__What you should do__: Using the listing below, retype exactly the lines starting at the one with "Eine Rätselreise zu" and ending at the one with "Pisania pusio, 2026-06-29", and include both.

§

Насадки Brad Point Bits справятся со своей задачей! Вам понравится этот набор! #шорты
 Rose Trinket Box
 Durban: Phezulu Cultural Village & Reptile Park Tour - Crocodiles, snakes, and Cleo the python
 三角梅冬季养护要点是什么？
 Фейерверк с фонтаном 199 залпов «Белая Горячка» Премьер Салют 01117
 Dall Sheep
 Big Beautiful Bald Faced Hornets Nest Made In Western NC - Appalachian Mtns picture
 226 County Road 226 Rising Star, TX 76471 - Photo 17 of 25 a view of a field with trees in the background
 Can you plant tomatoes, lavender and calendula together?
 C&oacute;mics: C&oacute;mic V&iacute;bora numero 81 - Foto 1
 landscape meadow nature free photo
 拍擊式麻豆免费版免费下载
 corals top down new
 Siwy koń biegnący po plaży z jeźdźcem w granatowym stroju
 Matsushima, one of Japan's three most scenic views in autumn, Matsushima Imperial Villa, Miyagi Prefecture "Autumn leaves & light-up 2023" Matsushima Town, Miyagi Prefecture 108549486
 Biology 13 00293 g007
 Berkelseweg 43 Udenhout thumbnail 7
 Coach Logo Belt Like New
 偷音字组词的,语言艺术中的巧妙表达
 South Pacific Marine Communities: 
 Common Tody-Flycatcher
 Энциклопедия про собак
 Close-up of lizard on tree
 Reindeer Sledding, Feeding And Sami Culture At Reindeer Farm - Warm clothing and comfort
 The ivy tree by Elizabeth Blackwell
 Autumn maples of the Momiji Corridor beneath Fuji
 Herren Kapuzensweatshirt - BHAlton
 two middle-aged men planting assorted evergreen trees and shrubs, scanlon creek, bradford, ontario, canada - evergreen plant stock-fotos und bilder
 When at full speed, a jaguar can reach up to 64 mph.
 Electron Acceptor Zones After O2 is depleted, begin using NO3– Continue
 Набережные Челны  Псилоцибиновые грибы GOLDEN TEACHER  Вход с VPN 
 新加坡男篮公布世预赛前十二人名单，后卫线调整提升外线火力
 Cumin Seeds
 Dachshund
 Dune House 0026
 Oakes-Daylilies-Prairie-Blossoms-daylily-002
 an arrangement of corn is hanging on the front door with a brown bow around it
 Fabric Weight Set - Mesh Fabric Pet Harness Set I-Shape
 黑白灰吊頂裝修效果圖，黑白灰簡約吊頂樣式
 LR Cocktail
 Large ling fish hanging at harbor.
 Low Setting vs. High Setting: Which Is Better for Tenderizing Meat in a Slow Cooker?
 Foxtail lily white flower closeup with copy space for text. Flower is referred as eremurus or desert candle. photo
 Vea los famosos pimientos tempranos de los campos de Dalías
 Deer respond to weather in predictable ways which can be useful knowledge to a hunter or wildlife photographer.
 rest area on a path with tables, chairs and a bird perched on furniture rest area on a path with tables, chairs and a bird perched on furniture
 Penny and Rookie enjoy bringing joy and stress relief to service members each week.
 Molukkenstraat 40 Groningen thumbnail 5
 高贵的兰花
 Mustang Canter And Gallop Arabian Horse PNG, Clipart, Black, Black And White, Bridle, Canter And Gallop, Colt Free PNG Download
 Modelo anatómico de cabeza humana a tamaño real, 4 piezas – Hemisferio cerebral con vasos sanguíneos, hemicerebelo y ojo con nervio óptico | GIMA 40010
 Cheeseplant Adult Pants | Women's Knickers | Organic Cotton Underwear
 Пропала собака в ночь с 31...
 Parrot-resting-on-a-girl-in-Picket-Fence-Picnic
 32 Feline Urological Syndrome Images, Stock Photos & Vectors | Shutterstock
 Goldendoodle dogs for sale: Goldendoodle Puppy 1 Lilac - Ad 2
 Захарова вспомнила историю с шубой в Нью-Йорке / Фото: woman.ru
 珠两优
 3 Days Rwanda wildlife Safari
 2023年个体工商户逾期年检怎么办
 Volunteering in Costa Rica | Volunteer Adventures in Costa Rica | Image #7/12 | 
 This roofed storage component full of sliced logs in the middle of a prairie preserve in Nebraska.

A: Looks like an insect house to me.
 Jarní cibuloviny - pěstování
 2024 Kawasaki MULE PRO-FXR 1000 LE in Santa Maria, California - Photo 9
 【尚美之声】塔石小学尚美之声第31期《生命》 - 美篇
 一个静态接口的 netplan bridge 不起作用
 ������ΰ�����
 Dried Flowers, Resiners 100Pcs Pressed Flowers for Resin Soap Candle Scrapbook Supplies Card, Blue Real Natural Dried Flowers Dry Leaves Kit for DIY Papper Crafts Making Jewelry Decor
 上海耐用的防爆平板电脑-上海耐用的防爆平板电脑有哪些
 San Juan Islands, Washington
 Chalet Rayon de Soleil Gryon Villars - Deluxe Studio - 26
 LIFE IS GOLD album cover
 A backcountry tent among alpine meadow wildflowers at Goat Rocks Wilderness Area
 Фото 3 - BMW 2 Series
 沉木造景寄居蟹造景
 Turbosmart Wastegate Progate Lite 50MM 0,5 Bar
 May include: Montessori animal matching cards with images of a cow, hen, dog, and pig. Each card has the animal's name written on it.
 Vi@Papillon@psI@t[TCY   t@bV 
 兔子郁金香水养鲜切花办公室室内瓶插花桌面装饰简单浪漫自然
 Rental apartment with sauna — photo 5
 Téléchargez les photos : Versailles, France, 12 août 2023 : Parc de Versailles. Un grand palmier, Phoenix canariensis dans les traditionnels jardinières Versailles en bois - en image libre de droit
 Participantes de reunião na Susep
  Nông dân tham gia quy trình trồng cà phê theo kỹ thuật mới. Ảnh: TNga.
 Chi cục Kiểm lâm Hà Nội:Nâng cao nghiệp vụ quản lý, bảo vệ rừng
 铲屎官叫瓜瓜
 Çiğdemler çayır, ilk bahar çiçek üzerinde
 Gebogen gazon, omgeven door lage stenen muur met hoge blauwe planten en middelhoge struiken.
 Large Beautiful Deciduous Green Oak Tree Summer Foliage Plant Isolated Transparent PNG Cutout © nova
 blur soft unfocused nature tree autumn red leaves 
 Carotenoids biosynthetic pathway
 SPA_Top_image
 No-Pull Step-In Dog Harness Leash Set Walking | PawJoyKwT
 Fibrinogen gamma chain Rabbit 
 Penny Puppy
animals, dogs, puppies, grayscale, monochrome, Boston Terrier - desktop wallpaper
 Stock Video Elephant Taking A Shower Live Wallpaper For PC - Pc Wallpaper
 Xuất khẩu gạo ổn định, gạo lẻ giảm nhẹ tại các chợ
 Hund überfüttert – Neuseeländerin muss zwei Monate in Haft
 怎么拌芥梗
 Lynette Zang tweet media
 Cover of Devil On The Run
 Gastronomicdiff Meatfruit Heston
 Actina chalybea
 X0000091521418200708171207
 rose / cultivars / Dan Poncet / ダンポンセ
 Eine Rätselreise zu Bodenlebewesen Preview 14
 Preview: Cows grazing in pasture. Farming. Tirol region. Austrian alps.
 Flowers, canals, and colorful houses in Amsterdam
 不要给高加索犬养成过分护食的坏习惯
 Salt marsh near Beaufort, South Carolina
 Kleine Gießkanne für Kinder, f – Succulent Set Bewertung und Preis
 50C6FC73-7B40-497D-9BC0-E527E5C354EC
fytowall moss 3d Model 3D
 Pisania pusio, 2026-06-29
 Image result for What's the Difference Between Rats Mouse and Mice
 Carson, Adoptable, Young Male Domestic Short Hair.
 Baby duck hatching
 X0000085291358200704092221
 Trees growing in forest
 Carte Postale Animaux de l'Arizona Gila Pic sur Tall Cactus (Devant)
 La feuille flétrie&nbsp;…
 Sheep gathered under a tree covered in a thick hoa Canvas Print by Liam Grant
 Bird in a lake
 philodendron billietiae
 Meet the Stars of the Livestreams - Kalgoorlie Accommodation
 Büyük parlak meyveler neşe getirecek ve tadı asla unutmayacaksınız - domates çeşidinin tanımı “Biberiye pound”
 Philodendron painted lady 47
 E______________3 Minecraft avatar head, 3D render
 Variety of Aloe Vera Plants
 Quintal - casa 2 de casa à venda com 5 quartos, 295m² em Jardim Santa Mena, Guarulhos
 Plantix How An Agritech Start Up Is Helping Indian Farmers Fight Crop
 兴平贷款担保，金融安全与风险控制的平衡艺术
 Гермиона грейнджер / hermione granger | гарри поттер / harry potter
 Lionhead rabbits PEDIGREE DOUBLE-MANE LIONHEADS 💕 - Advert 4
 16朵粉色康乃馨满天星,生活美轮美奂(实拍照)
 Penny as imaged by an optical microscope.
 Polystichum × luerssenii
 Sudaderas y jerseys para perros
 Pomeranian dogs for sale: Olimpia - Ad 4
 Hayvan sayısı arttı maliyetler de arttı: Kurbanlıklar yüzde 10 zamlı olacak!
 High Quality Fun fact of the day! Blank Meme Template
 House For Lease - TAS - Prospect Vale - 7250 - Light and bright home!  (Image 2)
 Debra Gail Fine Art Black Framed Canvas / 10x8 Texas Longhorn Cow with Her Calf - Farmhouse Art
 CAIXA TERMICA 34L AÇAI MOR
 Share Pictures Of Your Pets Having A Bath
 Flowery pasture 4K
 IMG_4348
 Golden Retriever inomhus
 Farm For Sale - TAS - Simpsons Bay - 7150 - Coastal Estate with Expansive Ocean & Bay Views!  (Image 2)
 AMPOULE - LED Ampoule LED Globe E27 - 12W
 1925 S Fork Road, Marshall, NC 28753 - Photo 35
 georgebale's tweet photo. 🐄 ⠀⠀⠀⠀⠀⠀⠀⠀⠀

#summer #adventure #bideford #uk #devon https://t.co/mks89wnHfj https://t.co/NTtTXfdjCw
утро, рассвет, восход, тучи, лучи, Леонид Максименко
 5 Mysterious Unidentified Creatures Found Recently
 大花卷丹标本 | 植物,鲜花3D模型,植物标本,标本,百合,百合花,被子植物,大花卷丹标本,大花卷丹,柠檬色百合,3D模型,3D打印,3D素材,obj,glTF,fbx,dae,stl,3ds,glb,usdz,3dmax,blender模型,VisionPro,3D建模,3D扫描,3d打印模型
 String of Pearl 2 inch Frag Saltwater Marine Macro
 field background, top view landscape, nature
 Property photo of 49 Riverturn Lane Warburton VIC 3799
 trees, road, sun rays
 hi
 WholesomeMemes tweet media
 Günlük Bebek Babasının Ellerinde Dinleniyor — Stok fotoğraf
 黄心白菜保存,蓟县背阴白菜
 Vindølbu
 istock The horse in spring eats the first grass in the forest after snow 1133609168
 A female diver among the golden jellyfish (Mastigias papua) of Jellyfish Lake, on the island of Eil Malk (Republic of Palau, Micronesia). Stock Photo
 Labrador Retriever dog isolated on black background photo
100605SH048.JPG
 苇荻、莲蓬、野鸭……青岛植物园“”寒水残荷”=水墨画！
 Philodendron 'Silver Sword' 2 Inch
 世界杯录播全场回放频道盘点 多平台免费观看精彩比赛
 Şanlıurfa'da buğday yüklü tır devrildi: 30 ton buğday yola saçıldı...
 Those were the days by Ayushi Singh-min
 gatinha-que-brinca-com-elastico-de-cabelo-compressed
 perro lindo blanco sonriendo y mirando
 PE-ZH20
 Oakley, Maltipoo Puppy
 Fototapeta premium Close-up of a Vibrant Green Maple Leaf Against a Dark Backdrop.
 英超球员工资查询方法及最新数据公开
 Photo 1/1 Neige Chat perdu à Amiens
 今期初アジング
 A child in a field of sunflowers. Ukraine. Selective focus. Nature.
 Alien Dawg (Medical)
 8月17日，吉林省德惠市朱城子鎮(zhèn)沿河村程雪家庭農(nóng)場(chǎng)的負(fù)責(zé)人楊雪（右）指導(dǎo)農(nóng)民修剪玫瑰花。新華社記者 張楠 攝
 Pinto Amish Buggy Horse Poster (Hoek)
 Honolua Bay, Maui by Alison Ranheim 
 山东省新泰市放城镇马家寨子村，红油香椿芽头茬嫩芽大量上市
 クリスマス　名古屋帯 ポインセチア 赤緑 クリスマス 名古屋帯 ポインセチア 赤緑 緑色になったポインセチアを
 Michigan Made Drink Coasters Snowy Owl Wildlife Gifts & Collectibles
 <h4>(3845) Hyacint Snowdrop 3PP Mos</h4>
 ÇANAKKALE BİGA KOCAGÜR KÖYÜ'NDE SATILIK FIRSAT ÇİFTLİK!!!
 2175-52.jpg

§

__Response to this task__:
 Eine Rätselreise zu Bodenlebewesen Preview 14
 Preview: Cows grazing in pasture. Farming. Tirol region. Austrian alps.
 Flowers, canals, and colorful houses in Amsterdam
 不要给高加索犬养成过分护食的坏习惯
 Salt marsh near Beaufort, South Carolina
 Kleine Gießkanne für Kinder, f – Succulent Set Bewertung und Preis
 50C6FC73-7B40-497D-9BC0-E527E5C354EC
fytowall moss 3d Model 3D
 Pisania pusio, 2026-06-29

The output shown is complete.